## [What the exercise asks]
Taking only the lines of the data below from the line with "adidas Mężczyźni LOUNGE" to the line with "GAP Blue Denim Jacket", ends included, write them out exactly and without pictures.

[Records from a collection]
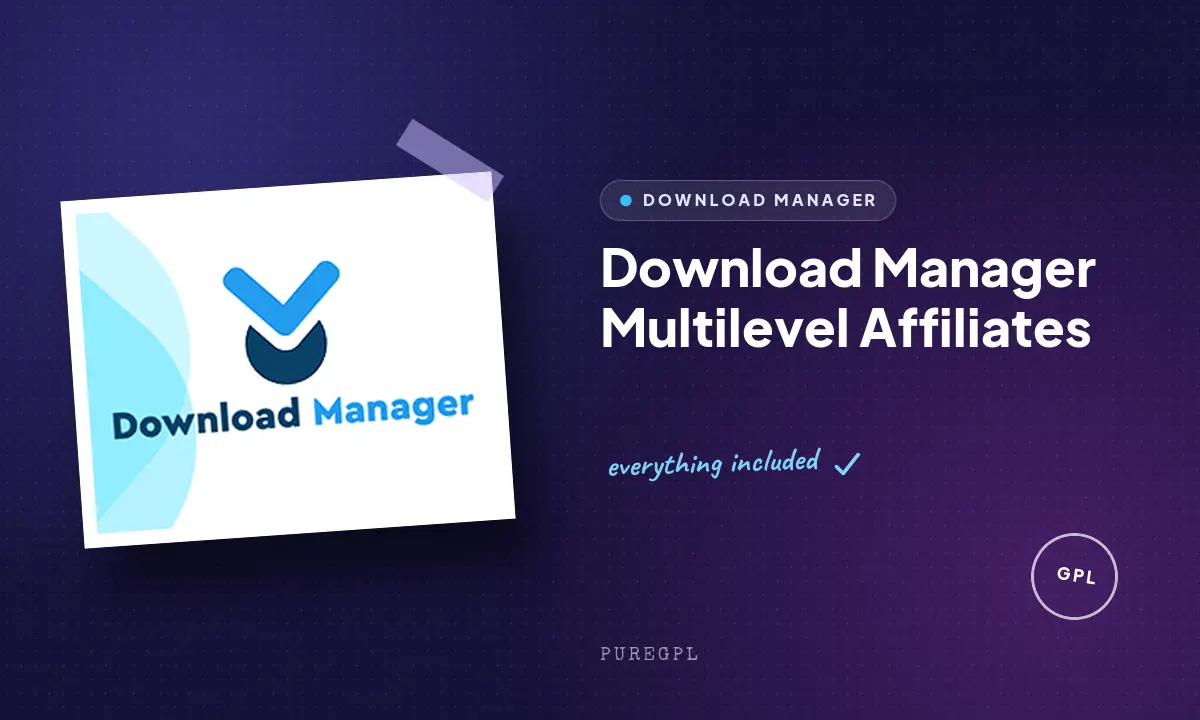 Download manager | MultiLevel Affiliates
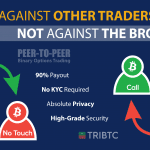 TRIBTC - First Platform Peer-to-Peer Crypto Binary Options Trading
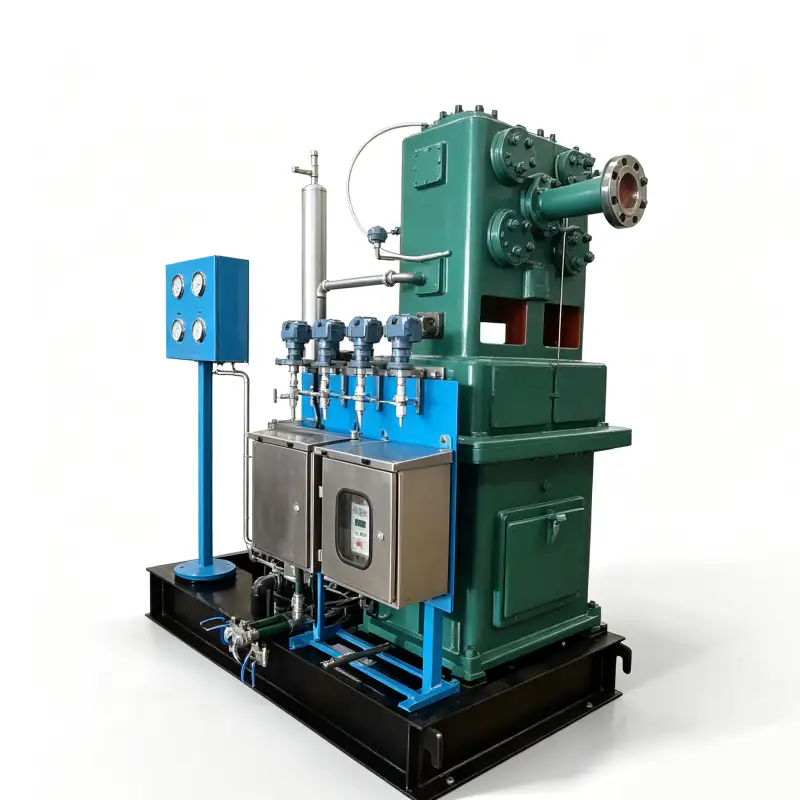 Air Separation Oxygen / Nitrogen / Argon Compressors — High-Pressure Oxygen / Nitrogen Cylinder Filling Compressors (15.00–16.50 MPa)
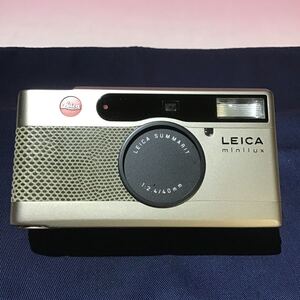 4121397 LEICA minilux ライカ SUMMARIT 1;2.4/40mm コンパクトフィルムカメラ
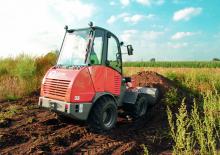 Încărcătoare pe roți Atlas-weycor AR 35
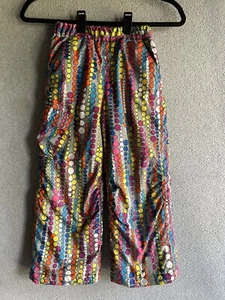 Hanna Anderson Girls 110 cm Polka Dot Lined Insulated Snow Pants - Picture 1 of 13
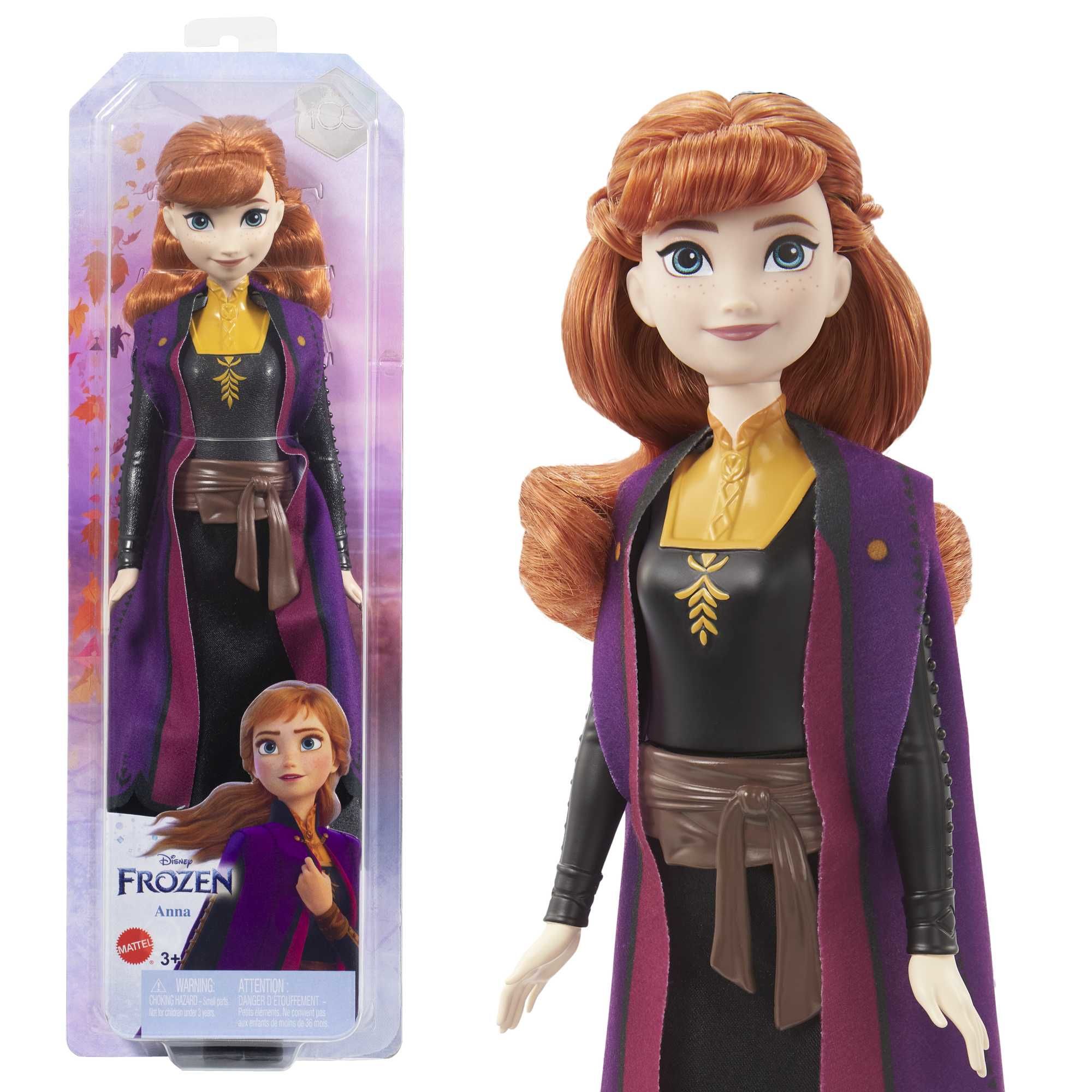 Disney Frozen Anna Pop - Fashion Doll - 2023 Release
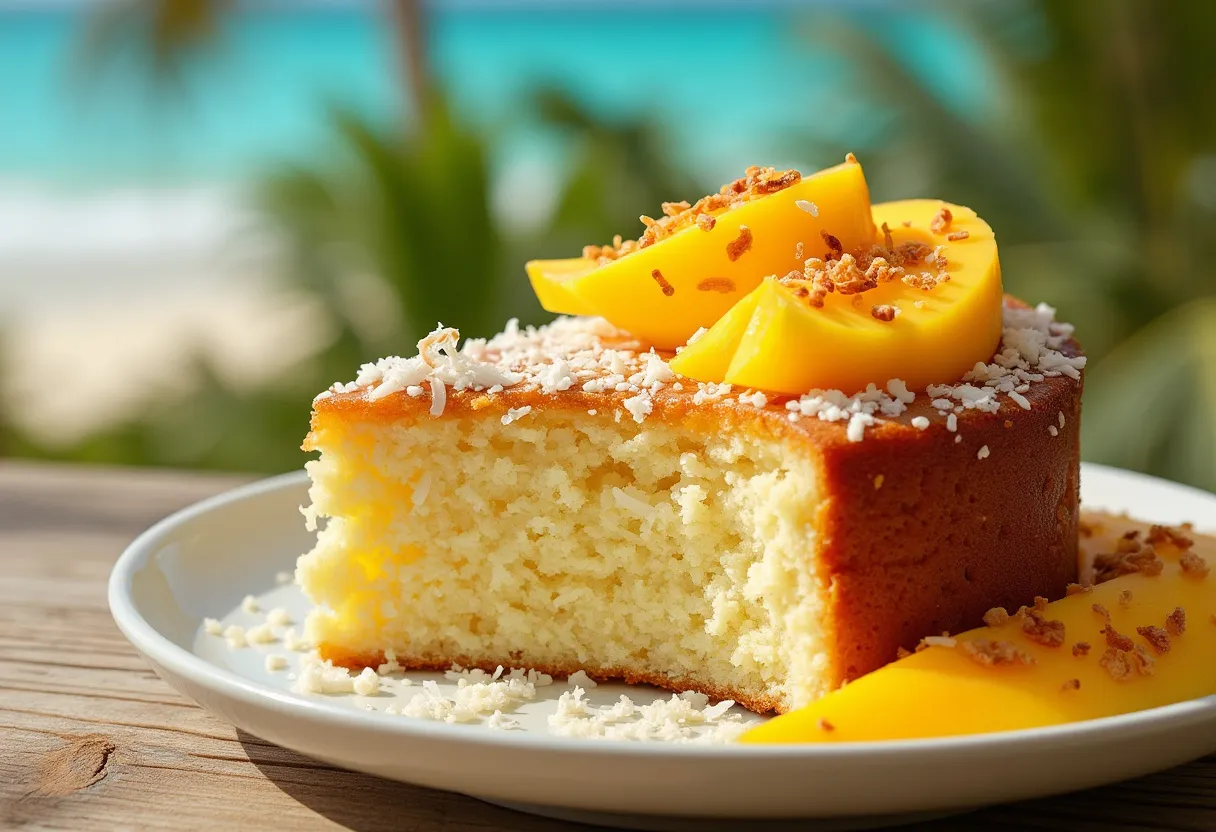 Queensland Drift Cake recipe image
==
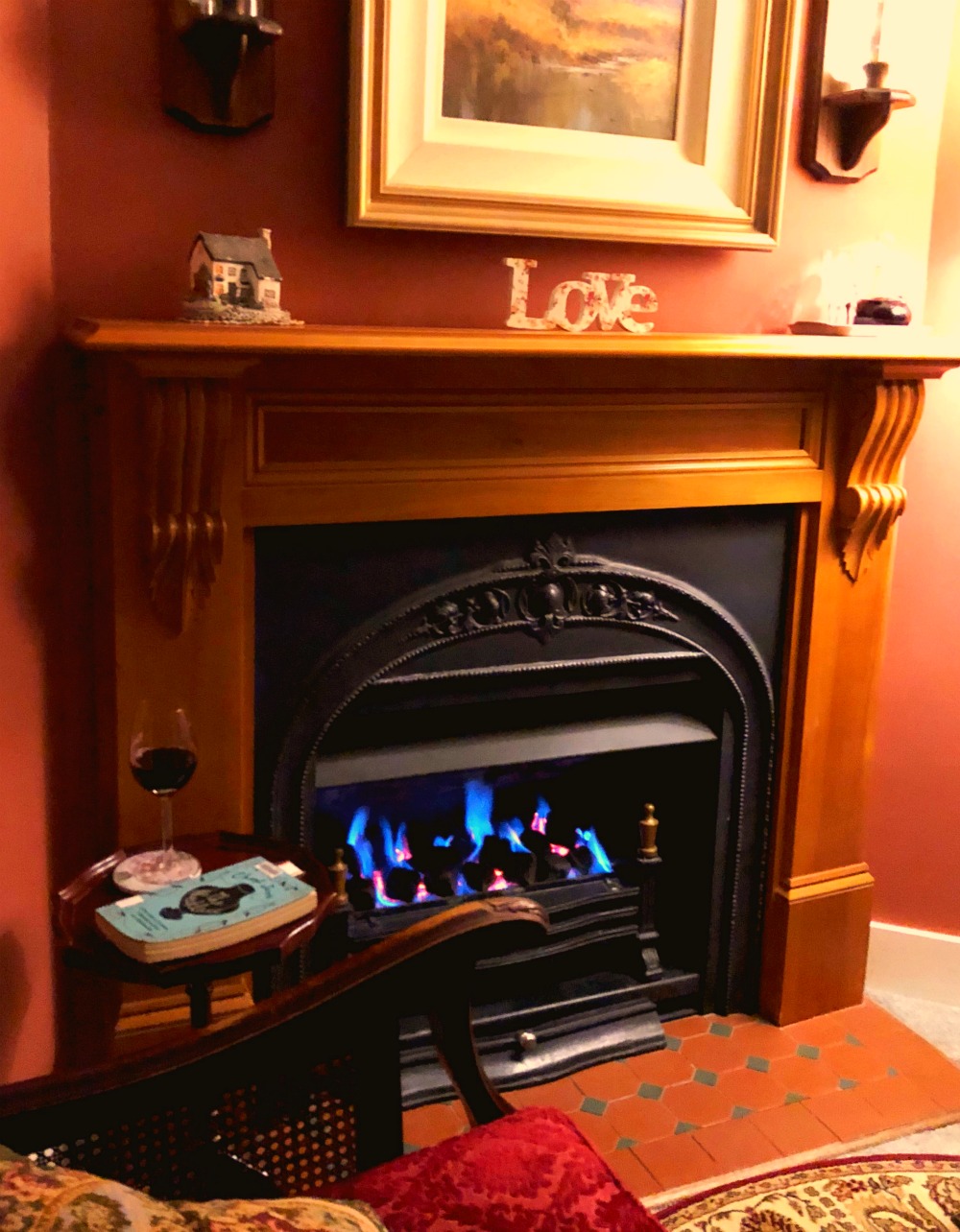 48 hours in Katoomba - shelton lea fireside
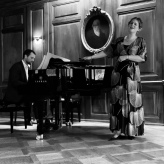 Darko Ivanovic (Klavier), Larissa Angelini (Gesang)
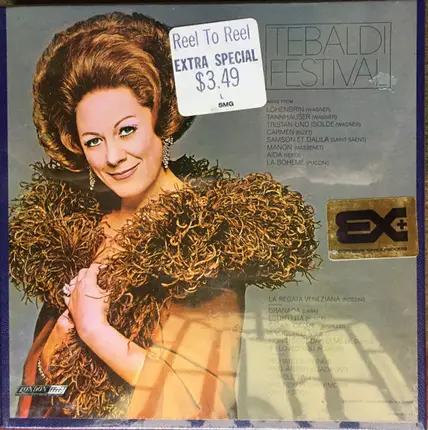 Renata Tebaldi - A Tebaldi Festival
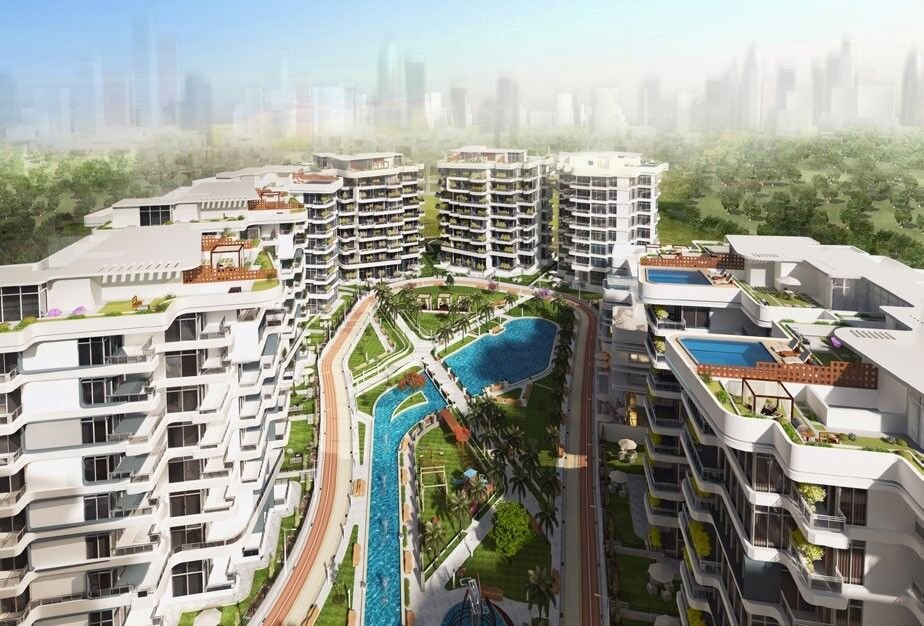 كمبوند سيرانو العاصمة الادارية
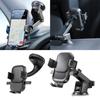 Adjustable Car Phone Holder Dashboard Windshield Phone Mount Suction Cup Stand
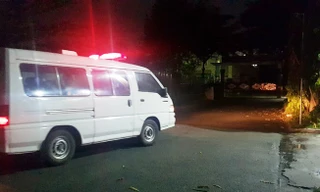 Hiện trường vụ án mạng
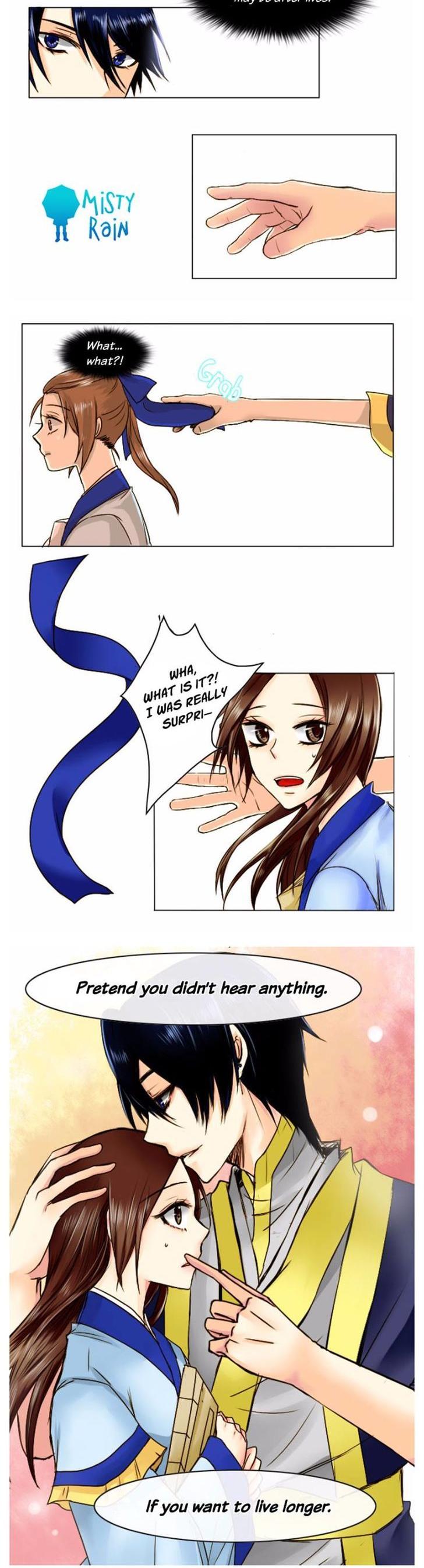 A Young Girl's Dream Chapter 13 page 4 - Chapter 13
---
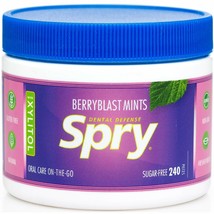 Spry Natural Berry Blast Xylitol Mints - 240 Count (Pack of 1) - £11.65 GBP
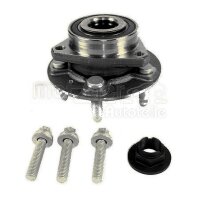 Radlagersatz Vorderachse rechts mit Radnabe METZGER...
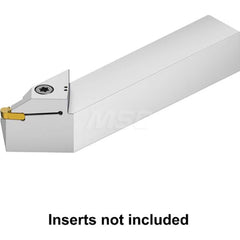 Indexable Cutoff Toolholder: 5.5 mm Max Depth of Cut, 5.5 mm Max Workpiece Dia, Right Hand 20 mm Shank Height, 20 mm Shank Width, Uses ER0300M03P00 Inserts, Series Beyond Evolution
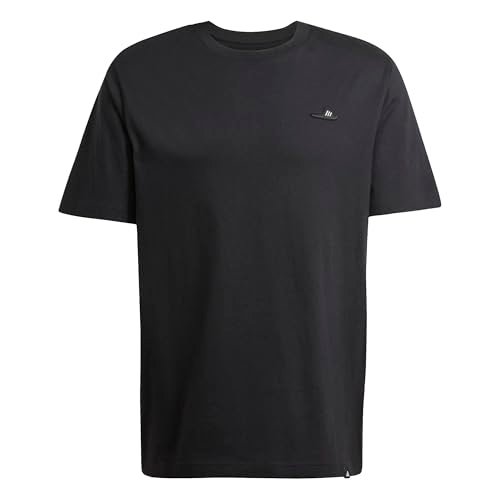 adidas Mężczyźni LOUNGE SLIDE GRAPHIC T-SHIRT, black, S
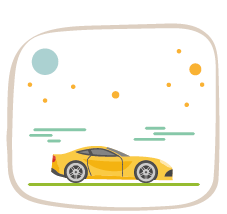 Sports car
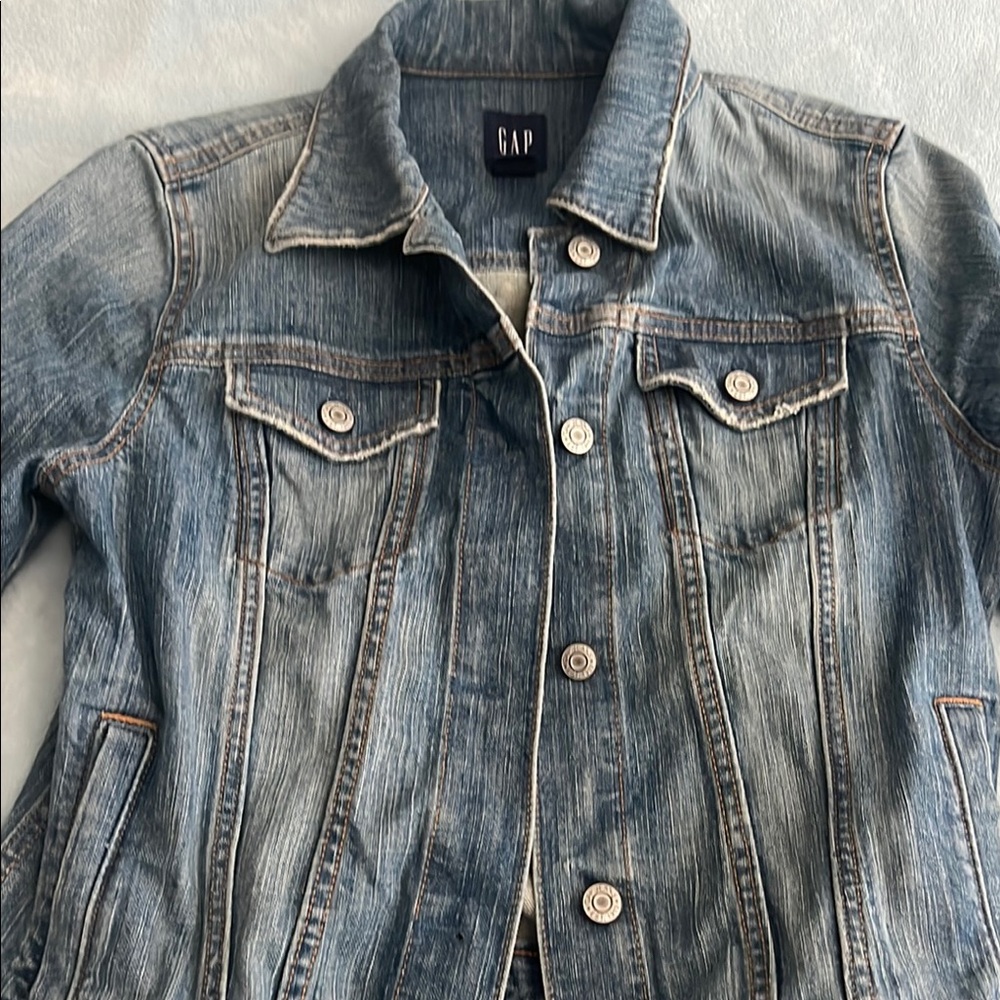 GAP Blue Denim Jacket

## [Response below]
 adidas Mężczyźni LOUNGE SLIDE GRAPHIC T-SHIRT, black, S
 Sports car
 GAP Blue Denim Jacket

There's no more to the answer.